This article was originally published by Mondoweiss and is republished with permission.
At this moment, the United Methodist Church (UMC) is holding its General Conference in Tampa, Florida. About one thousand delegates are considering whether to divest from companies that profit from the Israeli occupation. We are talking about companies with a solid track record of human rights violations: Caterpillar, Motorola Solutions, and Hewlett-Packard. Caterpillar produces the bulldozers that have been responsible for the demolition of innumerable Palestinian homes and the uprooting of full orchards. Motorola Solutions produces equipment used to maintain surveillance systems around Israeli settlements, checkpoints, and military camps in the West Bank. Hewlett-Packard provides on-going support and maintenance to a biometric ID system installed in Israeli checkpoints in the West Bank which deprive Palestinians of the freedom of movement in their own land and allows the Israeli military occupation to grant or deny special privileges to the civilians under its control.

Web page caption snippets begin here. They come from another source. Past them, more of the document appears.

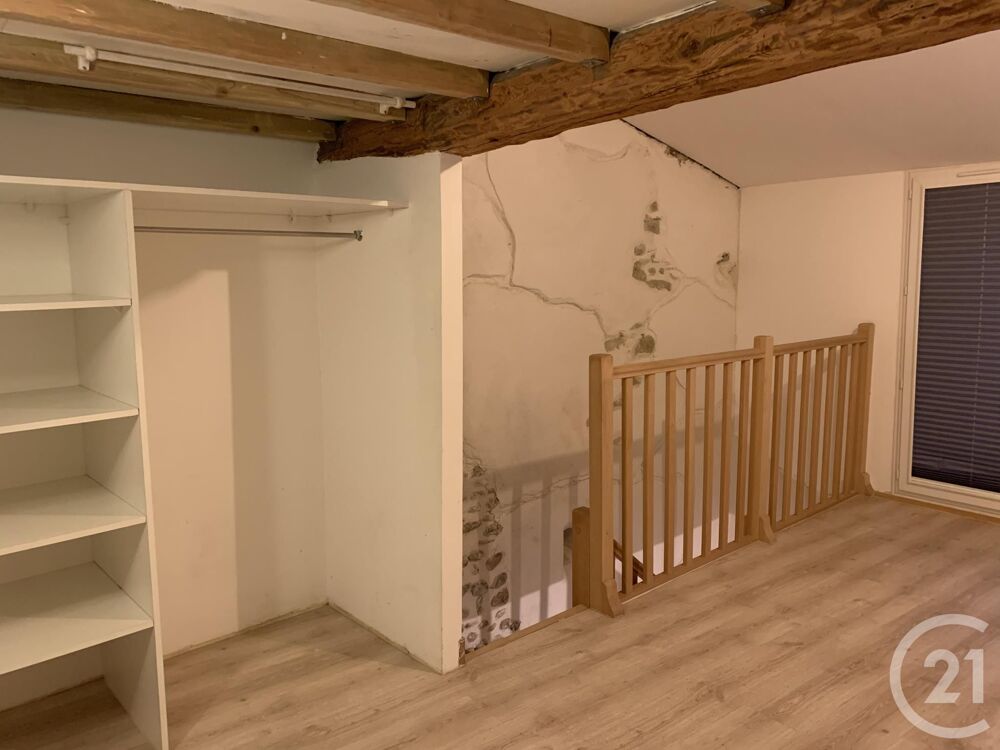 Disponible de suite, cet appartement duplex très propre ....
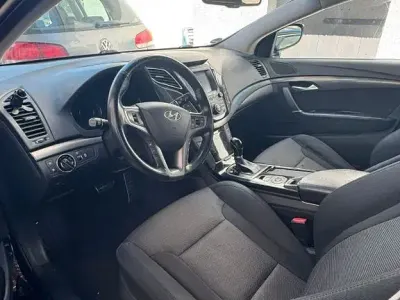 Gebraucht Hyundai i40 Premium 141 PS (103 kW) 2017 Schwarz Limousine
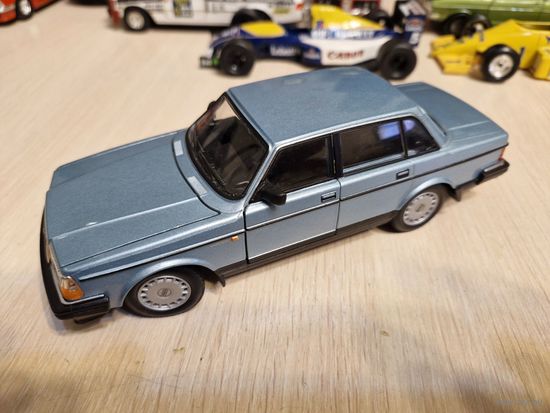 VOLVO 240GL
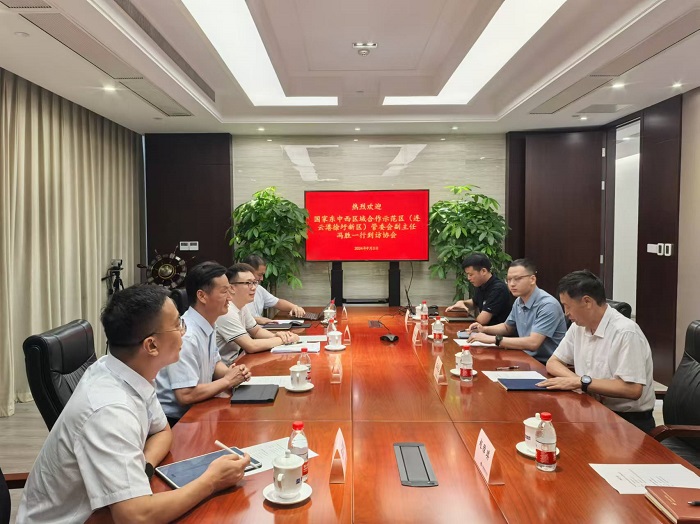 连云港徐圩新区管委会副主任冯胜一行到访协会.jpg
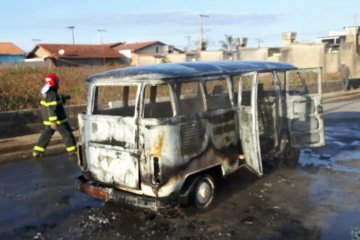 Kombi pega fogo - Jornal da Cidade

The UMC holds shares in these three companies valued at $35 million. The church acknowledges that divestment from these companies has no financial implications, meaning that divestment can be achieved without causing any financial loses to the church.
The delegates will cast their vote sometime this week (the exact timing has not been set yet.) To the extent that we will be able to tweet from the convention floor, we will do so under hashtag #churchdivest. The group leading the effort, United Methodist Kairos Response, can be followed at @UMKairosResp. While it is impossible at this moment to predict the result of the vote, we can already start taking stock of what has become clear at the convention this past week. Here are five of them:
NUMBER ONE: Everyone agrees the occupation is wrong and must end.
Whether you are for or against divestment, the consensus in the church is that the Israeli occupation is wrong and must end. In fact, the church has taken a position against Palestinian home demolitions as early as 1988, among dozens of resolutions condemning Israel’s discriminatory policies for more than forty years. The petition to divest from Caterpillar, Motorola Solutions, and Hewlett-Packard does not seek a new policy. Rather, it seeks to align the church's investments with its long-held resolutions and values. The United Methodist Book of Discipline discourages investment in companies “that directly or indirectly support the violation of human rights.”
NUMBER TWO: Everyone agree that the companies in question have been uncooperative or unresponsive.
The General Secretary of the General Board of Church and Society of the UMC, Jim Winkler, recently stated:
"As someone who has been involved in the discussions by UM agencies and ecumenical partners with Caterpillar for six years, I would like to share critical issues we have repeatedly raised with the company. Regrettably, in all of these meetings, including one last week, Caterpillar has told us it has no intention to change any of its business practices relating to the occupied Palestinian territories."
Chief Investment Officer of the church's General Board of Pensions and Health Benefits, David Zellner, testified in committee last week and described efforts to ask CAT to change its behavior as "futile."
NUMBER THREE: There is disagreement about what to do next.
Zellner opposes divestment. He prefers an alternate approach, namely that the church ask corporations to sign onto a set of principles of ethical business conduct and then consider divestment only for companies that refuse to sign these principles. Since the principles are unenforceable, nothing would stop the companies from signing on the dotted line in order to avoid divestment while doing nothing to change their behavior.
Mr. Winkler supports divestment. He said it best when he said:
"this is first and foremost a moral issue, yet sadly Caterpillar offers only misleading interpretations of the law and irrelevant arguments as a basis for continuing their sales. The question before delegates is whether our church should profit from the sales of equipment which are clearly used in ways that violate human rights."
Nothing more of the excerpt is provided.